El oficio del escritor es solitario. No es novedad. Al igual que el acto de lectura. Solitario y egoísta, por qué no. En ambos procesos (lectura y escritura), estamos acompañados de palabras y a veces se pierde la dimensión de lo que significa la recepción, tanto de lo que contamos, como de lo que leemos. Pero es uno de los prodigios de la literatura, ¿no?
Regresar a ciertos textos y volver a sorprenderse, aventuro.
Todavía maravillado por la experiencia de charlar con pibes, pibas y docentes de diversos establecimientos secundarios de Santa Rosa, La Pampa,
comparto algunos de los ecos de mi visita a la tierra de uno.
“Es una novela que aborda el tema de la amistad. A mí me hizo recordar a Galeano, sobre todo, cuando Leandro le da las llaves del almacén a su amigo”, apunta una de las docentes.
“La caminata fue más corta de lo esperada y calculó que habían pasado unas tres horas cuando divisó las cruces de los panteones.
Martín flanqueó el cementerio, mirando hacia otro lado para que la muerte no lo rondara y detuvo su vista en la laguna que estaba unos metros más abajo.
El frío le cortaba la cara y el crepúsculo del amanecer desnudaba tonalidades rojizas sobre el agua.

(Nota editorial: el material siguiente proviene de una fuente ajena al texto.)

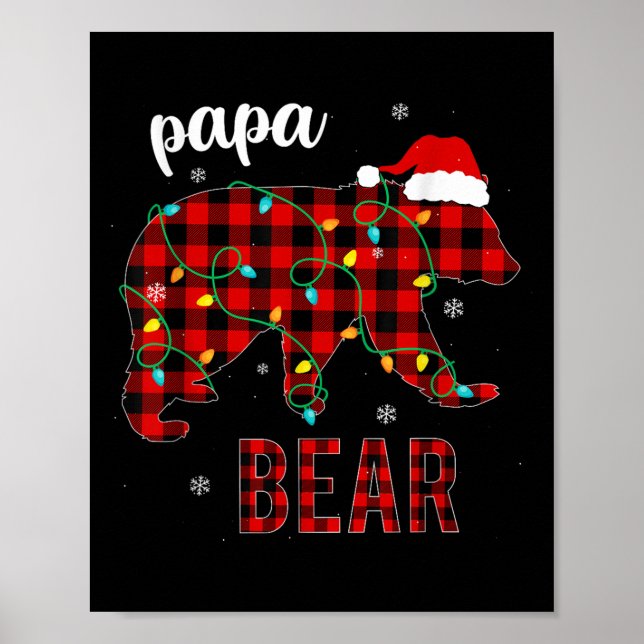 Poster Papa Bear Funny Men Red Plaid Christmas Pajama Fam (Devant)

Leandro tenía razón: la llanura era muy cautivante para ser indiferente.
Un coro de ladridos lo recibió con desgana mientras recorría la calle principal y tanteaba en el bolso, hasta dar con lo que buscaba.
“Son las llaves del Almacén, podés parar ahí.”, dijo Leandro.
El Negro lo miró sorprendido. “Acordate de La carta robada agregó con tono cómplice.
“La vida no es literatura”, reflexionó mientras luchaba contra el candado del portal del negocio.
Pero no era mala idea, para los indiscretos podía argumentar que estaba de sereno, cuidando las pertenencias del amigo.
Atravesó el seto de ligustrinas y abrió la pesada puerta de caldén, madera generosa que había permitido la prosperidad de La Colonia."